--- Data block Enclosed Below ---
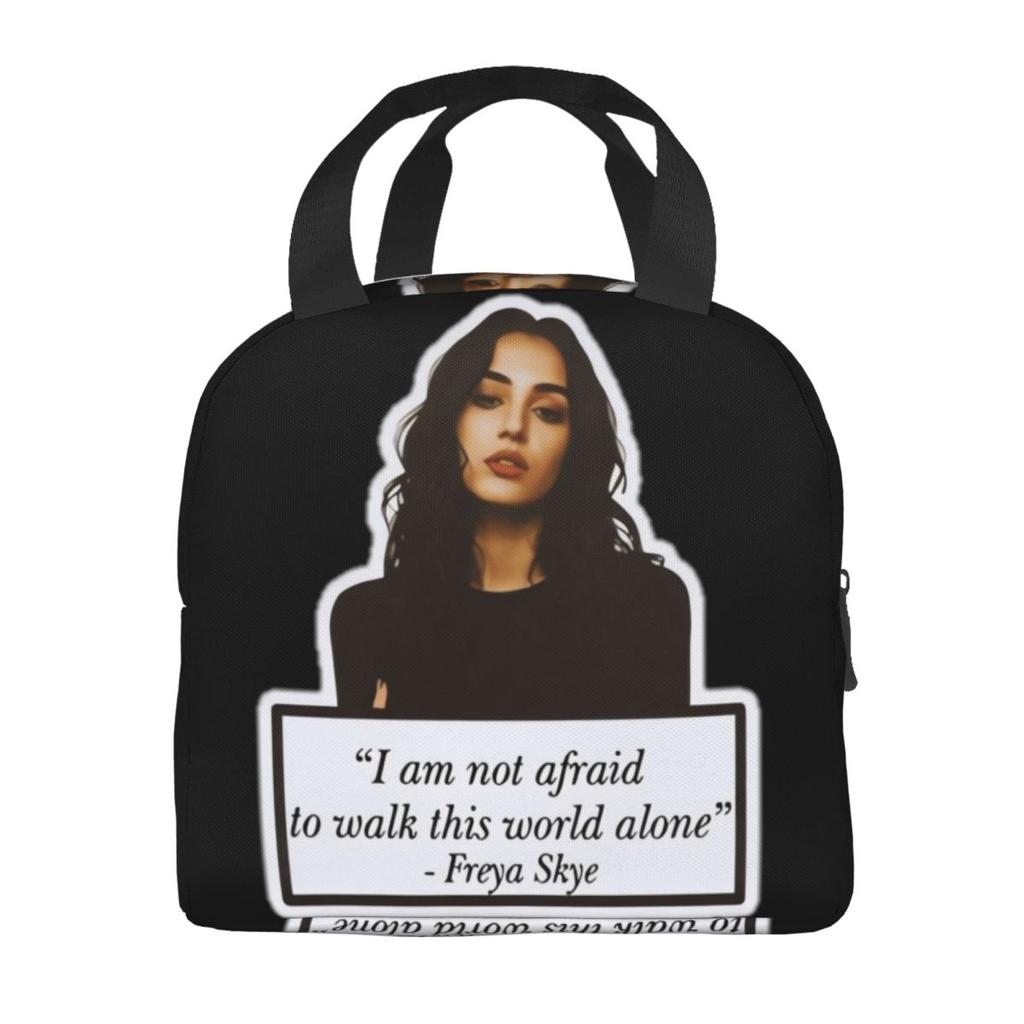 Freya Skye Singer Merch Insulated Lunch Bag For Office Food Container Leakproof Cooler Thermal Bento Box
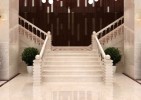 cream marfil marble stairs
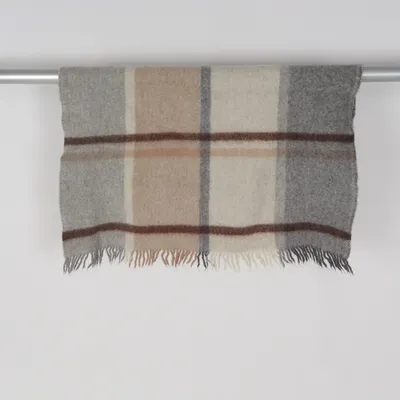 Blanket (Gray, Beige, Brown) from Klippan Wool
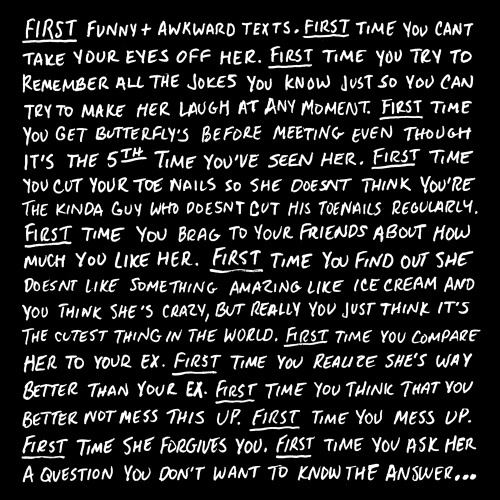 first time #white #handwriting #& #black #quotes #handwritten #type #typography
--- End of Enclosed Data block ---
Exercise =
Output the data exactly as it is, with the pictures dropped.

Response for this exercise =
 Freya Skye Singer Merch Insulated Lunch Bag For Office Food Container Leakproof Cooler Thermal Bento Box
 cream marfil marble stairs
 Blanket (Gray, Beige, Brown) from Klippan Wool
 first time #white #handwriting #& #black #quotes #handwritten #type #typography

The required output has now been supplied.